▶ _DATA FOR THE TASK_
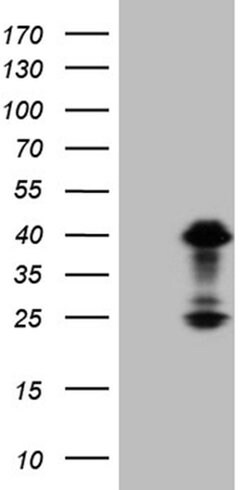 OTX2 Mouse anti-Human, Clone: OTI2B3, liquid, TrueMAB 100 &mu;L; Unconjugated:Antibodies,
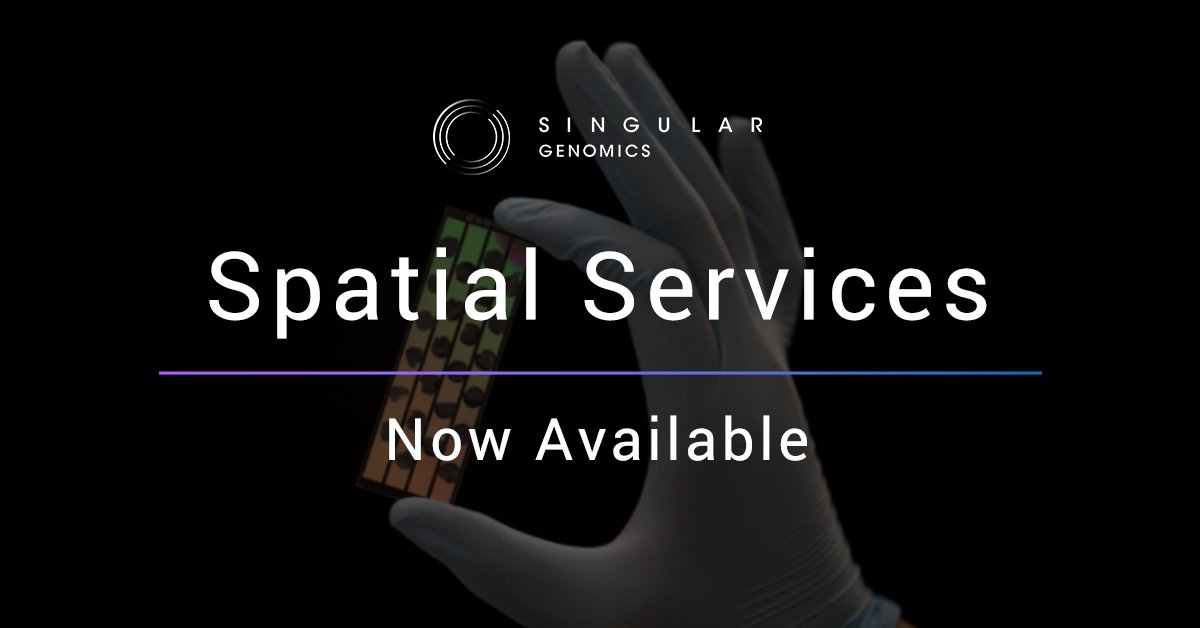 SingularGenomic's tweet image. Interested in accessing the latest high-resolution #spatial multiomics technology for your next project? Lets chat.

We are thrilled to provide access to the G4X through our Spatial Services program.

Start your project and connect with an expert today: bit.ly/4bn8BEK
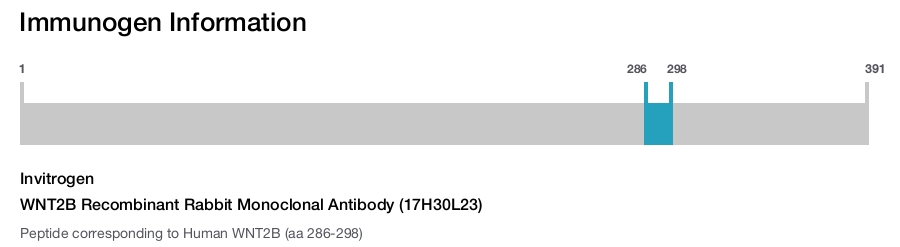 WNT2B Recombinant Rabbit Monoclonal Antibody (17H30L23)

▶ _THE PROBLEM_
Pictures are not part of the copy. Reproduce the lines from the one with "SingularGenomic's tweet image." through the end of the listing above.

▶ _THE COMPLETED TASK_
 SingularGenomic's tweet image. Interested in accessing the latest high-resolution #spatial multiomics technology for your next project? Lets chat.

We are thrilled to provide access to the G4X through our Spatial Services program.

Start your project and connect with an expert today: bit.ly/4bn8BEK
 WNT2B Recombinant Rabbit Monoclonal Antibody (17H30L23)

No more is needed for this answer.